Thursday, January 25, 2018

URSP Student Luc Tran Researches Idiopathic Pulmonary Fibrosis

My project for this fall semester is a continuation of my last semester OSCAR project. The overall theme of my research is a disease known as idiopathic pulmonary fibrosis (IPF). IPF is a fatal lung disease that is characterized with scarring of the lung overtime due to over activation of fibroblasts and increased collagen deposition. My interest in IPF began when I was able to join Dr. Geraldine Grant’s lab during the Biology Research Semester. My project last semester was to determine the effect of exposure of a metabolite of acetaminophen, known as N- acetyl benzoquinone imine (NAPQI) on the expression of certain IPF gene markers: alpha smooth muscle actin (ASMA) and collagen-1-alpha (COL1A). I found that direct NAPQI exposure had no significant increase in ASMA or COL1A in both normal and IPF fibroblasts. However, there was an increase in the expression of Procollagen-Lysine,2-Oxoglutarate 5-Dioxygenase 1 and 2 (PLOD1/2) in the IPF fibroblasts. My experiment this semester is to expose epithelial cells to acetaminophen so that the epithelial cells can metabolize acetaminophen into NAPQI and transfer the NAPQI to the fibroblasts. My goal is to verify my data from the summer, regarding changes in expression of PLOD1/2. This finding would begin to provide an explanation linking IPF with acetaminophen consumption because direct cause of IPF is still unknown.

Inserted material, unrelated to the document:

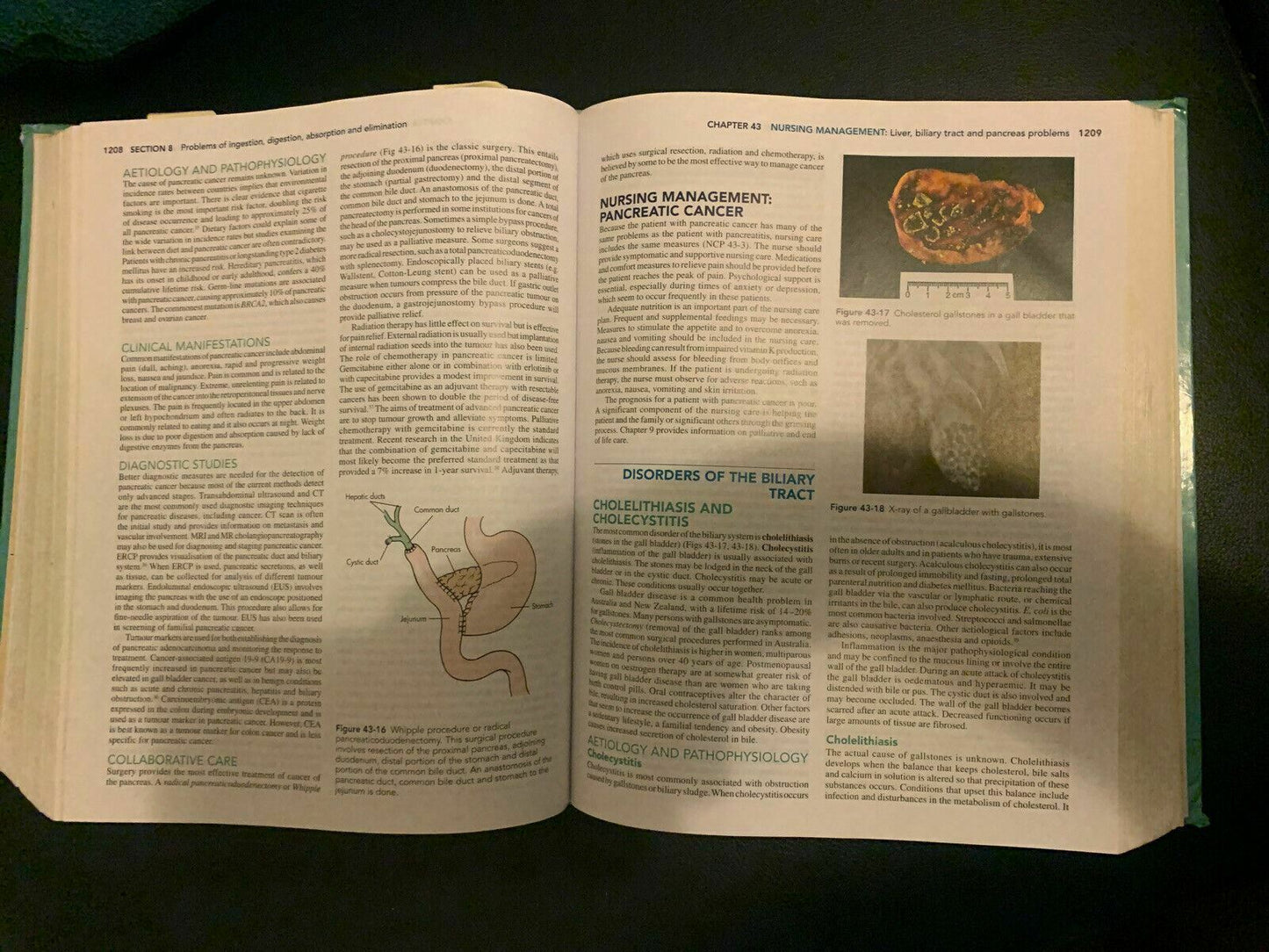 Lewis's Medical-surgical Nursing: Assessment and Management of Clinical Problems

On a daily basis, I culture the fibroblasts and also run q-PCRs to determine expression of ASMA, PLOD1 and PLOD2. I discovered a significant increase in PLOD1 in the IPF fibroblasts as I did with direct exposure to NAPQI. This project is related to my long term goal of going to medical school by that it is direct research on a disease and also if I can link acetaminophen to IPF, I can warn my future patients about the dangers of acetaminophen.